El hombre dijo llamarse Aputsiaq
Tan
improbable como la irrupción de la bestia en medio del océano, fue la llegada a
la playa de un hombrecillo enjuto envuelto en una piel de un oso de polar. Un
ser de edad indefinida, con el rostro surcado por las huellas de la intemperie
en infinitas tormentas de nieve. Antes de cruzar palabra me dio de beber de un
cuenco forrado en piel. Era un licor caliente, pastoso, con elevado contenido
alcohólico. La sensación de calor en las entrañas fue inmediata. También el
mareo de la embriaguez. Pese a mi largo kilometraje en licores rudos, aquel
trago zarandeó mis neuronas. Aunque el recién llegado lucía como un típico
inuit, con sus ojos rasgados y la barba
rala, lo primero que me sorprendió fue escucharlo dirigirse a mí en perfecto danés.

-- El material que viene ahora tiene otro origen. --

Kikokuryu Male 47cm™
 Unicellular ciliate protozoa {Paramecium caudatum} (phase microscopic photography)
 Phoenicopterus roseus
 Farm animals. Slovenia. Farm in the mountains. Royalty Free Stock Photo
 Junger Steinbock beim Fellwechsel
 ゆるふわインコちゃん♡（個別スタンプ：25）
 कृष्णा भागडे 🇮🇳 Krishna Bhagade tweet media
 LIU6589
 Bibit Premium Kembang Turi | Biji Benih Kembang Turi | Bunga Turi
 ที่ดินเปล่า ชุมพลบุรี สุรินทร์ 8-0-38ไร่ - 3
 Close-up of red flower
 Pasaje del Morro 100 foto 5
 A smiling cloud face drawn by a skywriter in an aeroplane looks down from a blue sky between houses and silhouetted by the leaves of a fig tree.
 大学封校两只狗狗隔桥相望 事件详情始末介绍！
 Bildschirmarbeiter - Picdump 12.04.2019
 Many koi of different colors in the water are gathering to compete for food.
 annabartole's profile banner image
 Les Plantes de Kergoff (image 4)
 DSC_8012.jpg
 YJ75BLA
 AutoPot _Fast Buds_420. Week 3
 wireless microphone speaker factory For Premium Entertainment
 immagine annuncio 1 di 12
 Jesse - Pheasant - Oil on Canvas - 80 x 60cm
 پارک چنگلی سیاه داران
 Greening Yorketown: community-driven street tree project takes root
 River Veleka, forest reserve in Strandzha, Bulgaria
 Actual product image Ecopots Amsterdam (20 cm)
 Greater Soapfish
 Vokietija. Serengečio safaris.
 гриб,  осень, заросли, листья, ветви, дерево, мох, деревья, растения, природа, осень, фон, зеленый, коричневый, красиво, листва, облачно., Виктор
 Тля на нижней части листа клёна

Me preguntó cuánta gente
viajaba conmigo en el umiak y si creía que pudiera haber otro sobreviviente. De
lo poco o mucho que le dije, lo que pareció impresionarlo más fue el relato de
mi encuentro con el extraño pez pétreo. Me miró con una expresión de pasmo,
diría hasta de reverencia y me pidió más detalles, pero creo que para entonces
yo estaba demasiado cansado o acaso ebrio para poder hablar con coherencia.
El hombre
dijo llamarse Aputsiaq y se presentó como pescador y curandero. Me hizo
acompañarlo por una escarpada pendiente hasta una grieta entre dos descomunales
rocas. Al interior estaba su hogar, cubierto de olorosas pieles de oso y lobo
que fungían como alfombra. Entre pedazos de animales que yacían desparramados
al interior de la cueva y piezas de joyería antigua, descubrí el pétreo dorso partido de un pez
como el que me había rescatado en el helado mar.
Mi
anfitrión me dio a comer la carne de aquel animal, me hizo beber un espeso
aceite de sus entrañas, envolvió mi cuerpo en una piel de oso y yo perdí el
conocimiento, sumergido en un sueño alucinante y afiebrado. Ignoro cuánto
tiempo dormí. Desde entonces a la fecha mi percepción del paso del tiempo se ha
alterado.
Desperté en
una luminosa mañana sin poder precisar cuánto tiempo había dormido. No alargaré
mi relato tanto como se alargó mi estancia. Los días o meses subsecuentes no
fueron muy distintos a aquella mañana en que Aputsiaq me llevó a recorrer la
isla y a pescar a bordo de su umiak. Su herramienta de pesca era un rústico
hueso de cetáceo afilado como arpón que manejaba con maestría a la hora de
cazar las focas que constituían la base de su alimentación.